USNS Observation Island was quietly struck from the rolls of U.S. Navy vessels and inactivated on March 31, 2014, ending the 30-year joint Army/Air Force Cobra Judy program.
Originally launched on Aug. 15, 1953 as the Empire State Mariner, a Mariner class high speed cargo ship, the ship entered the National Defense Reserve Fleet in 1954 after a few voyages. The Empire State transferred to the Navy on Sept. 10, 1956 and became the first ship equipped with a fully integrated Fleet Ballistic Missile System.
It was officially commissioned two years later on Dec. 5, 1958 as the USS Observation Island.

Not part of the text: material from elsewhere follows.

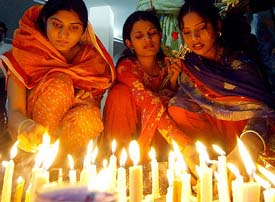Women light candles in remembrance of the earthquake victims in Lahore on Thursday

On Aug. 27, 1959, the USS Observation Island made history as it launched the first sea-launched A-1 Polaris missile. After conducting six launches, the Observation Island provided support to the submarine-launched Polaris test program, providing optical and electronic data collection.
Later, President John F. Kennedy watched a Polaris launch demonstration from the decks of the Observation Island on Nov. 14, 1963.
Decommissioned in January 1972, the ship was brought back into service in August 1977 and transferred to the Military Sealift Command and redesignated the U.S. Naval Ship Observation Island. At this time it was reclassified as a T-AGM23, a missile range instrumentation ship.
Between 1979 and 1981, the ship underwent a conversion with an additional platform, a rotating steel turret, added to support the Cobra Judy S-Band Radar.
The last and most advanced of the Air Force's advanced range instrumentation ships, the Cobra Judy was "considered one of the most capable radar systems ever built in the world." Installed in 1981, the AN/SPQ-11 ship-borne phased array radar stood 40-feet-high and weighed approximately 250 tons.
At seven meters in diameter, the octagonal S-band array composed of 12,288 antenna elements was capable of tracking more than 100 targets at one time. In 1985, the system and its capabilities were augmented with the addition of an X-band radar.
Measuring five-stories in height, the X-band provided additional support in terminal phase data collection.
The fully equipped USNS Observation Island/Cobra Judy had a twofold mission: monitoring compliance with strategic arms treaties worldwide and supporting military weapons test programs. At this time, the two primary customers were the Air Force Foreign Technology Division and the U.S. Army Strategic Defense Command, a predecessor to the U.S. Army Space and Missile Defense Command/Army Forces Strategic Command.
The Cobra Judy was particularly important to the command's missile defense programs.
Since fiscal year 1972, the ballistic missile defense program had focused its research and development efforts upon terminal or endoatmospheric intercepts. With the Strategic Defense Initiative, the guidance shifted to the exoatmosphere.
Additional information was needed to identify effectively targets in this new environment. Cobra Judy provided the necessary high resolution metric and signature data on midcourse and reentry phases of ballistic missiles flights with particular attention given to the size, shape, mass and precise motion of the target. This information would help recreate target trajectories and define vehicle signatures enhancing future discrimination algorithms.
As the missile defense program progressed, Cobra Judy provided support to many of the missile programs, collecting flight data on both strategic and theater missiles and interceptors throughout the test program. In addition, Cobra Judy participated in Operation Burnt Frost, the destruction of the defective American satellite in 2008.
Over the years, however with few replacement parts available, it became increasingly difficult to support and maintain the Cobra Judy radars. Nevertheless, the USNS Observation Island continued to operate and completed its final mission in December 2013. It is to be replaced by the new COBRA KING radar system housed aboard the USNS Howard O. Lorenzen.
For more than 31 years, the Observation Island/Cobra Judy averaged more than 260 days a year at sea and completed 558 nationally sponsored missions. As Ed Hotz, a Cobra Judy program manager, observed this spring. "The information collected was critical in the development of shoot-down algorithms for both tactical and strategic missile defense systems; supporting international treaty verification; [and] providing national decision makers, from the president on down, with precise actionable data on world events."